A new study shows that, as a person gets older, having a healthy pair of lungs helps maintain “fluid” reasoning — the ability to think logically and solve problems in novel situations, independent of previous knowledge.
However, poor lung health did not appear to harm memory or lead to any significant loss of stored knowledge, according to the research published in the journal Psychological Science.
Ohio State University researchers used data from a Swedish study of aging that followed participants’ health for almost two decades. An analysis determined that reduced lung function can lead to cognitive loss but that problems with cognition do not affect lung health.
“The logical conclusion from this is that anything you could do to maintain lung function should be of benefit to fluid cognitive performance as well,” said lead author Charles Emery, Ph.D., professor of psychology at Ohio State.
“Maintaining an exercise routine and stopping smoking would be two primary methods. Nutritional factors and minimizing environmental exposure to pollutants also come into play.”
The study offers insight into the process of human aging. While one theory of aging suggests that all functions slow down at the same rate, this study shows that some aspects of functional decline contribute to a change in the rate of other areas of decline.
“In this case, pulmonary functioning may be contributing to other aspects of functioning,” Emery said. “It starts to speak to the bigger question: What are the processes involved in aging?”
The study sample included 832 participants between ages 50 and 85 who were assessed in up to seven waves of testing over 19 years as part of the Swedish Adoption/Twin Study of Aging.
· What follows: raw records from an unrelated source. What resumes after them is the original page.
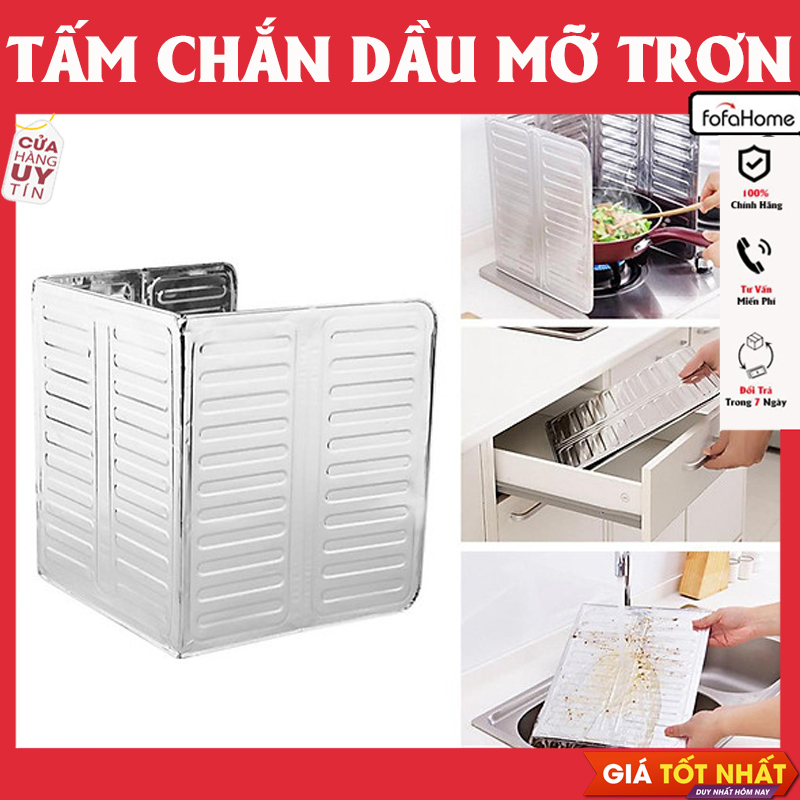 Dụng Cụ Chắn Dầu Mỡ Tấm Chắn Gió Cho Bếp Gas Size 32.5*84cm Trơn Gấp Gọn Dễ Vệ Sinh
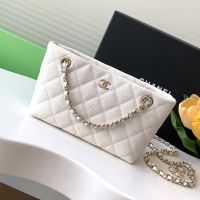 Chanel AP4423 Classic Clutch with Woven Chain Strap in Grained Calfskin White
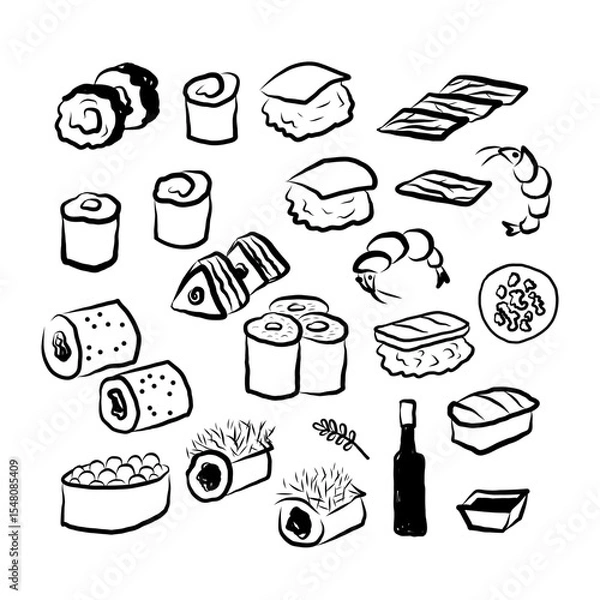 Obraz Sketch with Sushi and rolls Japanese food on isolated background. Ink doodle with Onigiri, nori, rice, wasabi, fresh cucumber, toasted sesame, crab meat, soy sauce, sashimi, shrimp, pickled ginger 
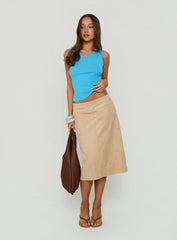 Raygan Faux Suede Midi Skirt Camel
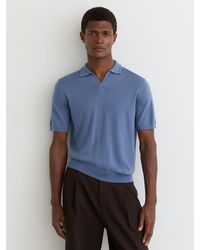 Reiss - Merino Wool Open-Collar Polo Shirt - Lyst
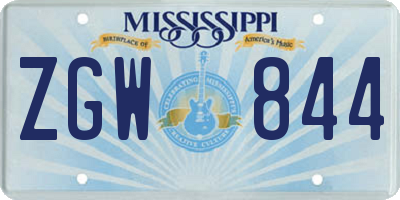 MS license plate ZGW844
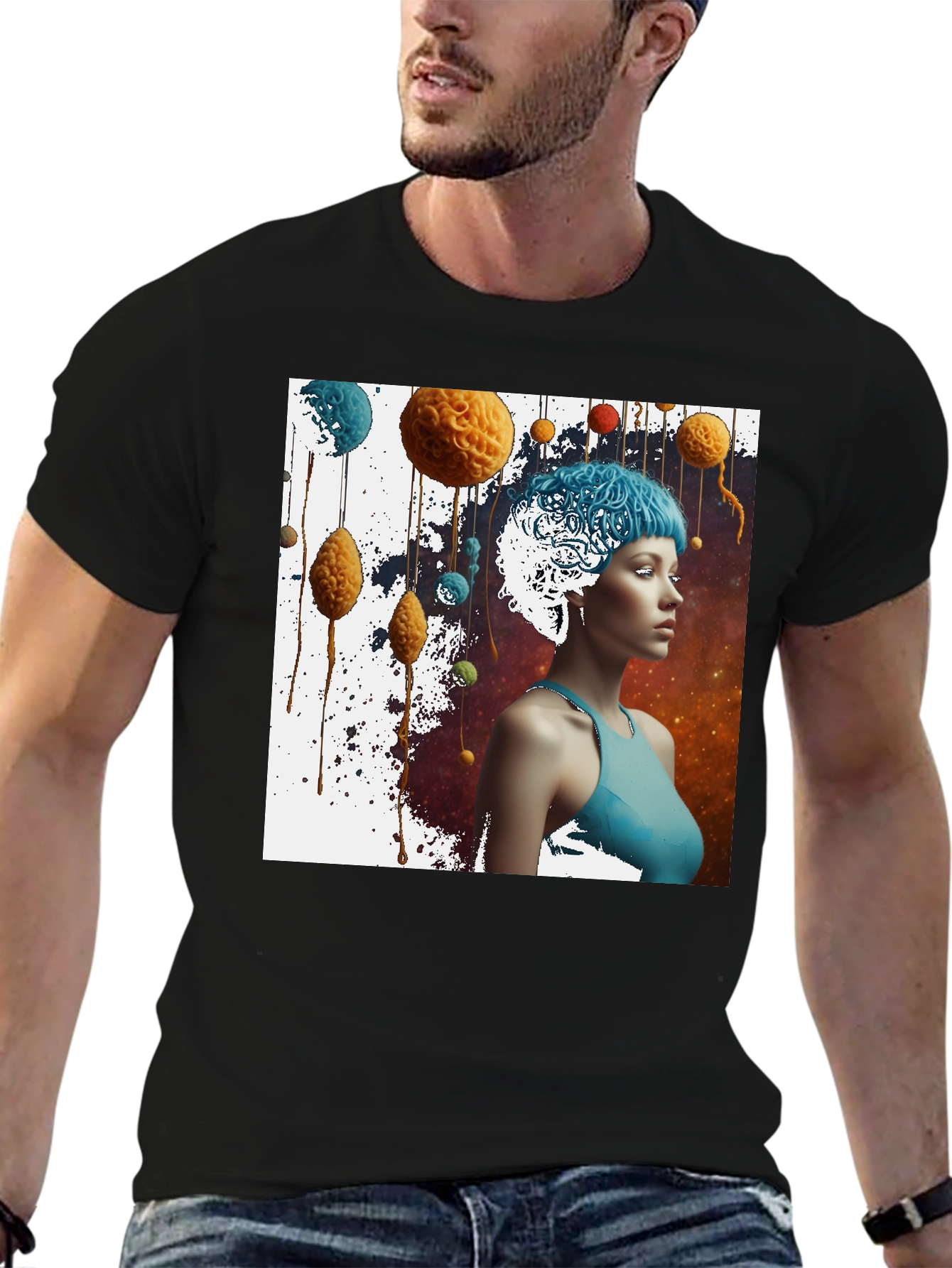 Abstract Brainy Tee - Artistic Graphic T-Shirt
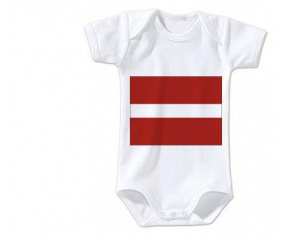 Body bandera bebé Letonia tamaño 3/6 meses mangas cortas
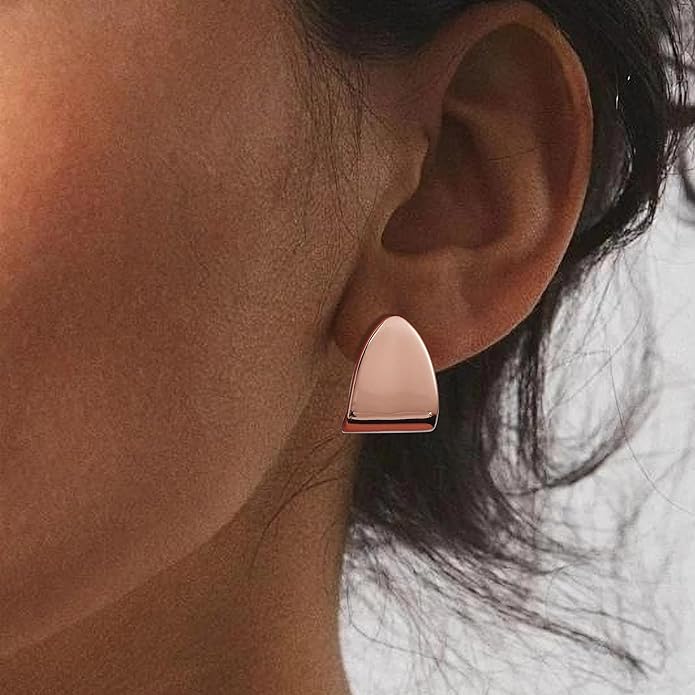Gacimy Chunky Earrings for Women, Teardrop Earrings with 925 Sterling Silver Post, 14K Gold Plated Statement Drop for Women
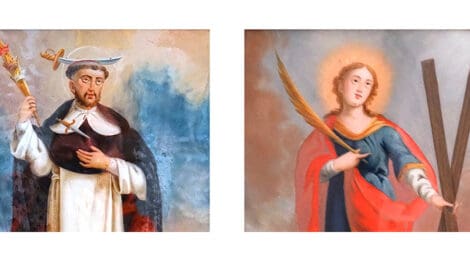 Pintures de sant Pere Màrtir i santa Bàrbara.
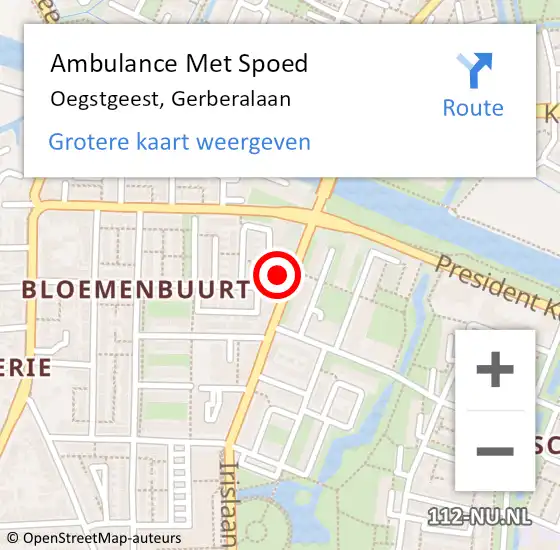 Locatie op kaart van de 112 melding: Ambulance Met Spoed Naar Oegstgeest, Gerberalaan op 17 april 2024 08:49
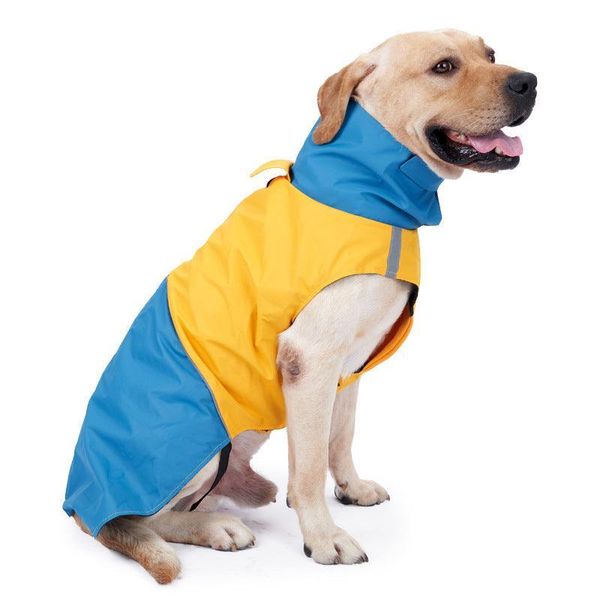 Colorblock Reflective Dog Raincoat - Waterproof Pet Jacket - Blue Yellow / Xs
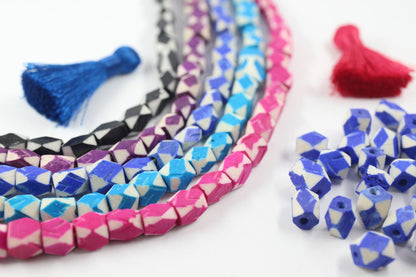 Argyle Faceted Geometric Bone Beads, Harlequin Charms, 7x8mm
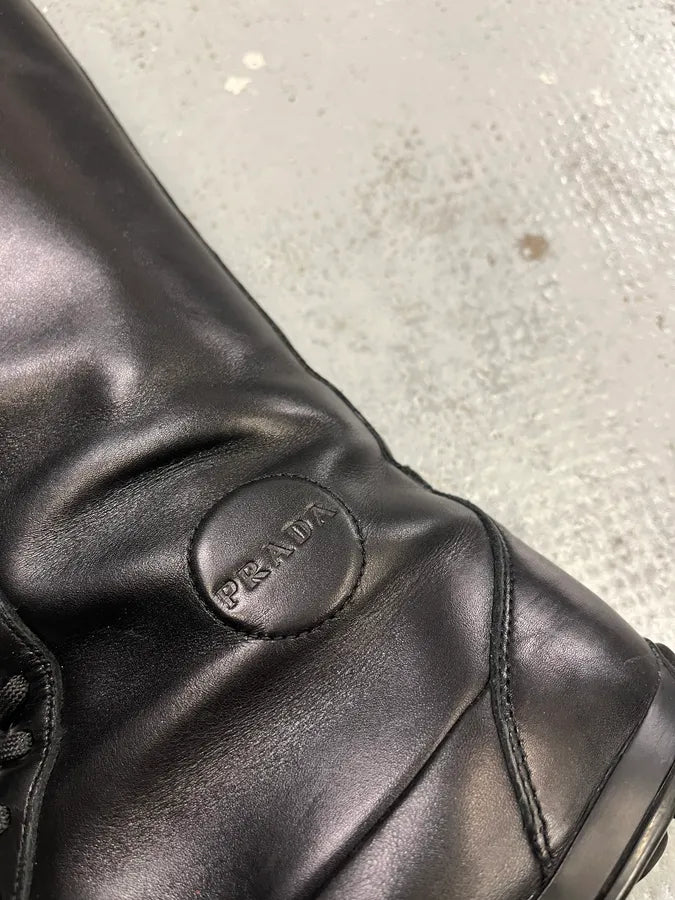 2000s Prada Ninja Lace-Up Black Leather High Boots jfYXMIv 3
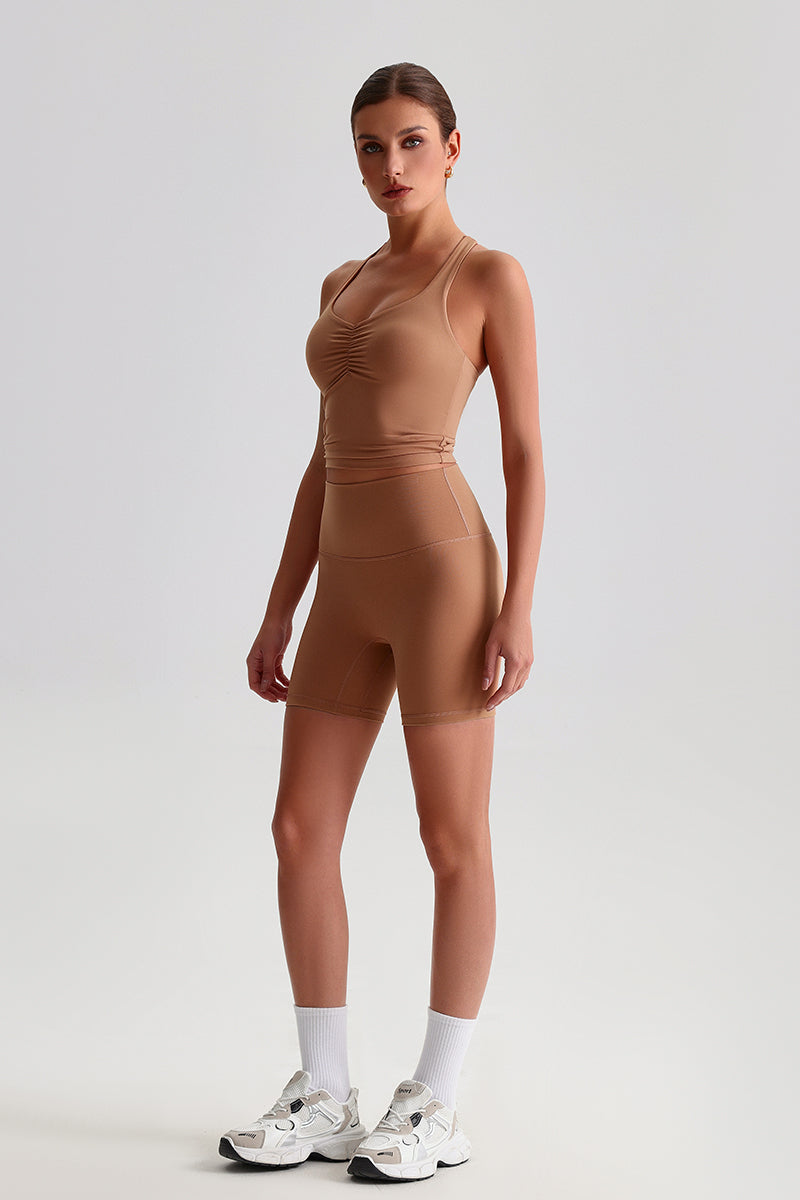 Women Solid Naked Sensation Yoga Set: High-Waisted Sculpting Shorts + Crisscross Back Support Bra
The researchers used data from pulmonary and cognitive tests conducted in the Swedish study.
They measured lung function in two ways: forced expiratory volume, or how much air a person can push out of the lungs in one second, and forced vital capacity, the volume of air that is blown out after a deep inhalation.
The participants completed cognitive tests that measured verbal abilities associated with stored knowledge, memory, spatial abilities related to problem-solving, and processing speed, including the ability to write correct responses quickly.
“We were looking for effects in both directions. We had previously looked in simpler models and found that pulmonary function did predict cognitive function, but there are some studies that show the opposite direction. It was important for us to go into this with an open mind and use this modeling to test both directions,” Emery said.
The study also showed that changes in cognitive function did not predict lung outcomes.
“In these models the relationship is consistently moving from pulmonary function to cognitive function and not the other way,” said Emery, also a professor of internal medicine and an investigator in Ohio State’s Institute for Behavioral Medicine Research.
“We know, for example, that the speed at which people can perform the processing task does decline with age. But now we have data that suggests pulmonary function actually predicts that decline,” he said.
The researchers speculate that reduced lung health could lower the availability of oxygen in the blood which might affect chemicals that transmit signals between brain cells.